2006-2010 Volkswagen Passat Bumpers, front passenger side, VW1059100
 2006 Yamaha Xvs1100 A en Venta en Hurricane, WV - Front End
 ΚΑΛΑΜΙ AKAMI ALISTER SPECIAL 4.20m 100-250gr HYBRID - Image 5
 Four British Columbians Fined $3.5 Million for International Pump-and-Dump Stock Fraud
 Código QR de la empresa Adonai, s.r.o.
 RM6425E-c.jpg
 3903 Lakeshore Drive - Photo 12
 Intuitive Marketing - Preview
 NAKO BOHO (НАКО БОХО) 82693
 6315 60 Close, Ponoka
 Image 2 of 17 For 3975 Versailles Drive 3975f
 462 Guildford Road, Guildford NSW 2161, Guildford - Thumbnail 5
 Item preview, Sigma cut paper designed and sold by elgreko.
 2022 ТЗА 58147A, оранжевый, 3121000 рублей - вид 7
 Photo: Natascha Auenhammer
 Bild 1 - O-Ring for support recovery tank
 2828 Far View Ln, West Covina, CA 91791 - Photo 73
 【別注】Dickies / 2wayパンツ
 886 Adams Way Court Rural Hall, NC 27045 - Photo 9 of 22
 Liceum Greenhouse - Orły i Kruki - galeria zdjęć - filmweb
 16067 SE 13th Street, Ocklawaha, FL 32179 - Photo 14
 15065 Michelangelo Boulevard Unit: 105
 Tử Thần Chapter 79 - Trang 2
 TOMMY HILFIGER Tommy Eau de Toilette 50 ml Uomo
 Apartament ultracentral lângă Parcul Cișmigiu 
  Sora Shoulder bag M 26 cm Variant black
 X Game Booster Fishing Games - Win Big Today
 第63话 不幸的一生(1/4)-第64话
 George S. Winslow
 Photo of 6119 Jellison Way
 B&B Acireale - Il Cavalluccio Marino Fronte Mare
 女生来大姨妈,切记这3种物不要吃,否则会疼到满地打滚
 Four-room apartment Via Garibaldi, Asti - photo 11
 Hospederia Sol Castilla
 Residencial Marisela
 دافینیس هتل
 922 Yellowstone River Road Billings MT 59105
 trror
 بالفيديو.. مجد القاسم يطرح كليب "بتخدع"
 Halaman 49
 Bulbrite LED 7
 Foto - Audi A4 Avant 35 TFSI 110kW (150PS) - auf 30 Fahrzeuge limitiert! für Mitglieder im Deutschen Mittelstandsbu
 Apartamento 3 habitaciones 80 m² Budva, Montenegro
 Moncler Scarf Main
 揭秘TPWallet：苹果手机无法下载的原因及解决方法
========================================
▸ **TASK TO COMPLETE**: Print only what lies in the material above starting at the line with "886 Adams Way" and ending at the line with "دافینیس هتل", every line exactly as given.

▸ **SOLUTION TO THIS EXERCISE**:
 886 Adams Way Court Rural Hall, NC 27045 - Photo 9 of 22
 Liceum Greenhouse - Orły i Kruki - galeria zdjęć - filmweb
 16067 SE 13th Street, Ocklawaha, FL 32179 - Photo 14
 15065 Michelangelo Boulevard Unit: 105
 Tử Thần Chapter 79 - Trang 2
 TOMMY HILFIGER Tommy Eau de Toilette 50 ml Uomo
 Apartament ultracentral lângă Parcul Cișmigiu 
  Sora Shoulder bag M 26 cm Variant black
 X Game Booster Fishing Games - Win Big Today
 第63话 不幸的一生(1/4)-第64话
 George S. Winslow
 Photo of 6119 Jellison Way
 B&B Acireale - Il Cavalluccio Marino Fronte Mare
 女生来大姨妈,切记这3种物不要吃,否则会疼到满地打滚
 Four-room apartment Via Garibaldi, Asti - photo 11
 Hospederia Sol Castilla
 Residencial Marisela
 دافینیس هتل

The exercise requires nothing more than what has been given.